Expand description
§yume-pdq
Optimized kernels from hashing to vectorized or Vulkan shader-based exact matching for near real-time high-throughput high-recall PDQ-based image screening, including a hand-vectorized PDQ variant that prioritizes low latency, high throughput with high statistical compatibility, with options of using AVX2 intrinsics, portable-simd, or AVX512 intrinsics, with no-std and LLVM SafeStack+CFI hardening support.
It also comes with a well-optimized matching pipeline that guarantees 100% recall, bringing the total CPU time down to ~20ms when an AVX512 CPU is used for the entire hash then search task. (Assuming a 10M vector database)
An C++ port of the AVX-512 matching pipeline has been merged into the official repository, see facebook/ThreatExchange#1817 for details.
See the technical & engineering notes here
§Table of Contents
- yume-pdq
§Design Goals
Fit into an existing image processing pipeline rather than defining our own, if a server is processing UGC images they likely already are doing resizing, and adding a couple microseconds of CPU time per request can make a large difference vs. milliseconds for a high level API that takes arbitrary image, resize it (again, potentially doubling latency) and do a faithfully precise hash (drains more CPU time from the server). This also means yume-pdq is a low-level abstraction and you are responsible for bringing your own logic to get any data into the PDQ specification (512x512x1 grayscale image in the 0.0-255.0 range required by the library or 0-255 required by the CLI).
Parallelize well up to the memory bandwidth limit.
Provide better than off-the-shelf solution performance across the board by fully specializing to PDQ problem dimension and unique natural batching characteristics due to the need to simultaneously check all 8 dihedral transformed hashes.
All components are decoupled from each other, allowing integrator to mix and match external libraries such as using a forensic-grade hash provider but still use yume-pdq for high performance 100% recall matching.
No vendor lock-in, we will never write code that only work on one vendor’s hardware, which may or may not have a trade name that start with ‘N’.
If a compromise in numerical identity must be made, be accurate enough for high-throughput and real-time screening when there is a human user waiting for the result and/or the server CPU time is constrained. Our implementation achieves ~0.79ms for 10M vector matches on GPU, making it suitable for real-time applications. For detailed analysis of accuracy and performance decisions on why we chose this linear-scan based approach over ANN or metric tree based solutions, see TECHNICAL.md.
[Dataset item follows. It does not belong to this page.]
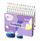 Set markerë akrilik ARRTX LC303144, majë felt-tip, 30 ngjyra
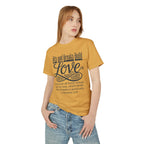 Love | Colossians 3:14 Unisex Garment-Dyed Heavyweight Tee | Kindness, Humility & Patience | ST. VON'S FLAIR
Important: You should NOT submit hashes to databases using output of any optimized (variant) kernels in this library, they are designed to be statistically compatible for matching but absolutely not for submission to a database intended to store PDQ hashes (but okay if you have an in-house database that exclusively use yume-pdq hashes).
Hand-written SIMD is unsafe and you shouldn’t trust me, the kernel themselves are written with consideration to minimize possible issues by:
- not having data-dependent jumps or data-dependent indexing
- Add debug time bound assertions to catch SIMD reading out of bounds at test time
- As defense-in-depth and to mitigate data-only exploits I provide backwards CFI (LLVM SafeStack) and forward CFI (LLVM CFI) hardened-builds (marked with
-cfisuffix in release binaries) thanks to a zero-runtime dependency policy on library builds and minimal runtime dependencies on binaries. They affect performance by <10% when used in isolation due to the kernel having no CFI-required indirect jumps. Backwards CFI protects against almost all forms of ROP-based attacks that operate on the stack, and forward CFI protects against indirect jumps (such as IO dispatches based on a function pointer from being overwritten to malicious code).
No-std support.
§System Requirements
§Building
You need Rust toolchain (2024 edition or newer (1.85.0 or newer)). The generic build has a fallback scalar kernel that is always available and runtime dispatch for avx2+fma.
§Advanced Builds
- To eliminate the runtime dispatch for avx2+fma, you can use any Rust channel and only
RUSTFLAGS="-Ctarget-feature=+avx2,+fma"is required. - To build for AVX512, you need a 1.89+ toolchain, and your build platform must also have AVX512, and
--features avx512, andRUSTFLAGS="-Ctarget-feature=+avx512f"is required. - To build for portable-simd, you need a nightly toolchain, and
--features portable-simdis required.
§Execution
- A CPU that is the same ISA as the binary (of course)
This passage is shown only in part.